WORK INSTRUCTIONS
Transcribe every entry exactly; the images stay out.

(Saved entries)
◇ ◇ ◇
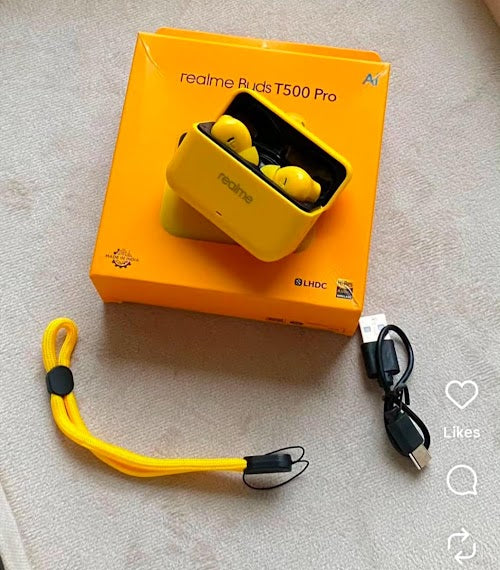REALME T500 BUDS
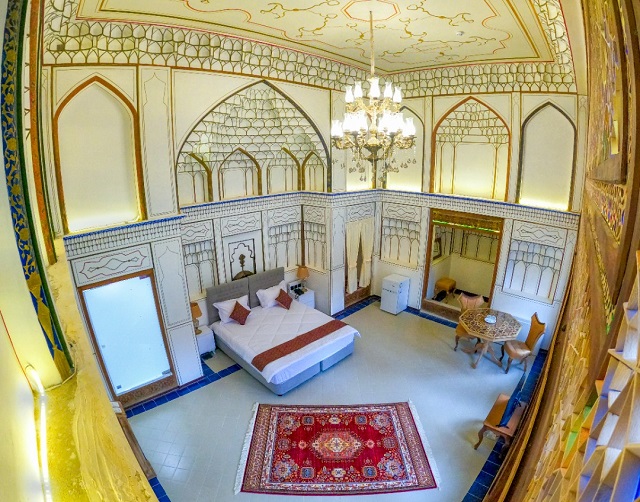 تصویر هتل کاخ سرهنگ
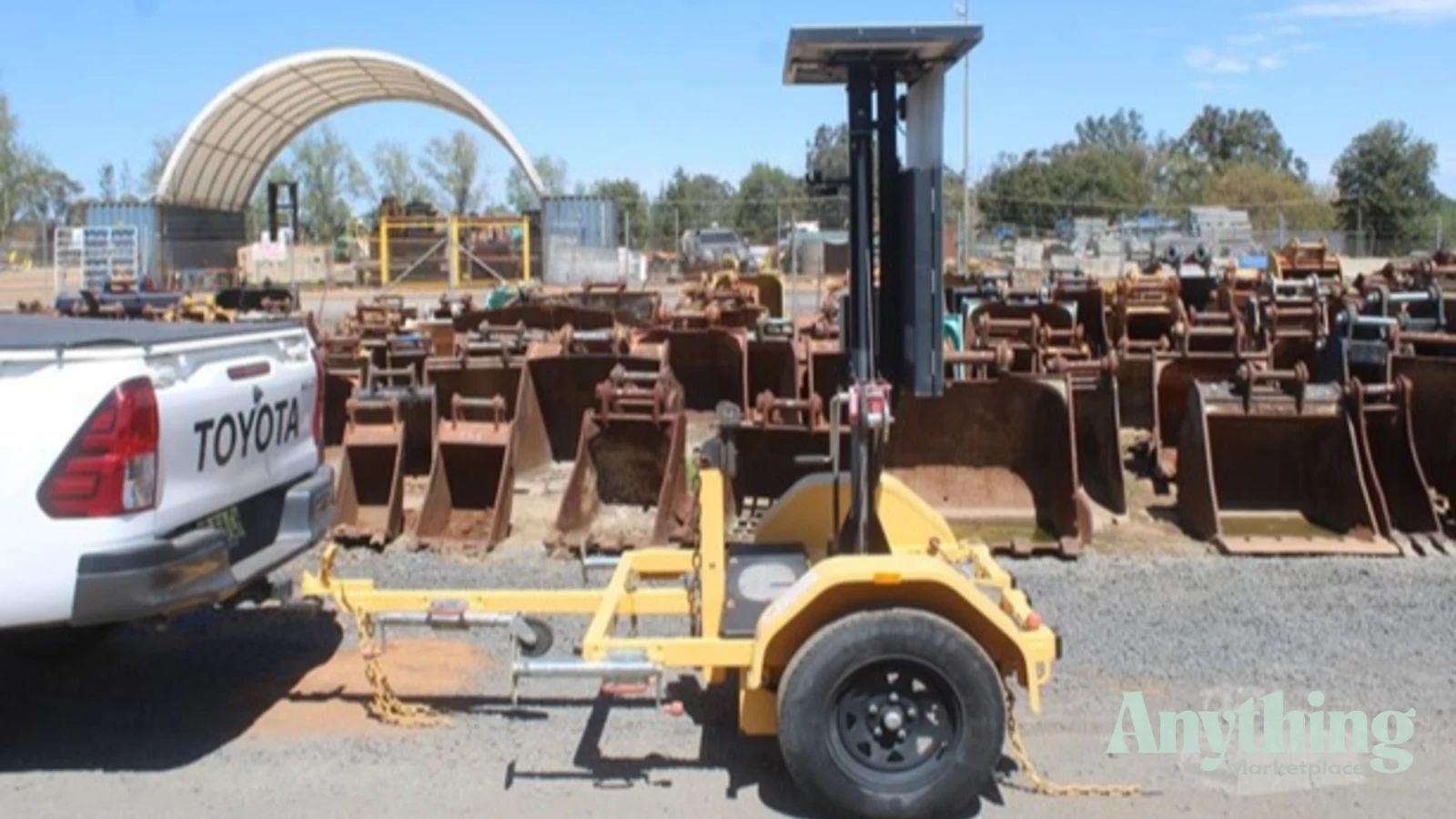 2017 Used Ldc SLT Light Towers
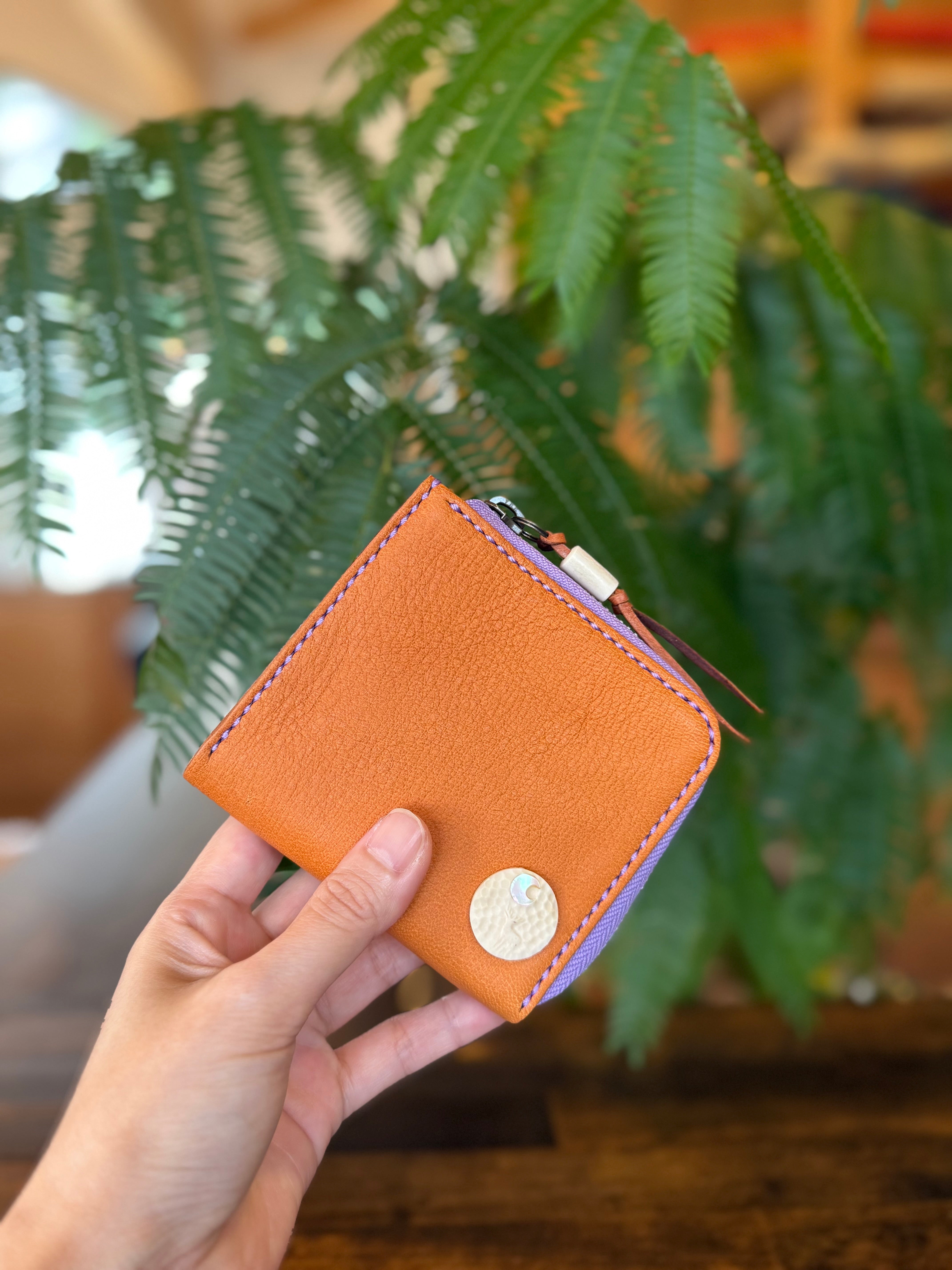 究極の島財布セミオーダー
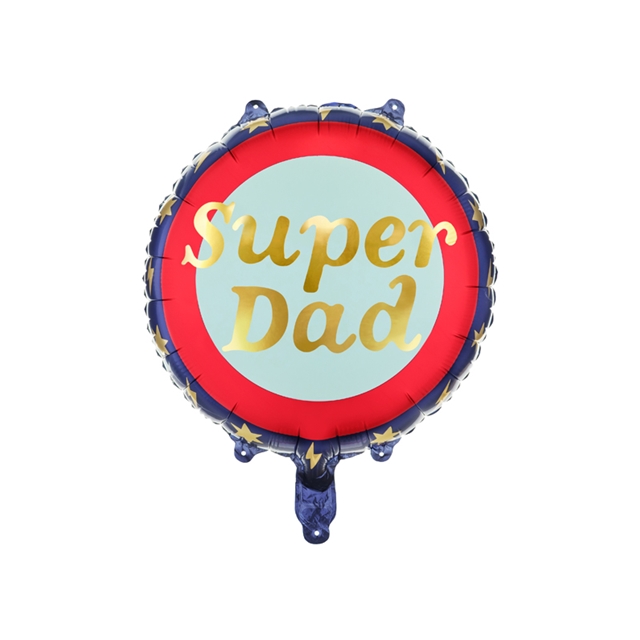 Super Dad Folienballon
◇ ◇ ◇
REPLY
REALME T500 BUDS
 تصویر هتل کاخ سرهنگ
 2017 Used Ldc SLT Light Towers
 究極の島財布セミオーダー
 Super Dad Folienballon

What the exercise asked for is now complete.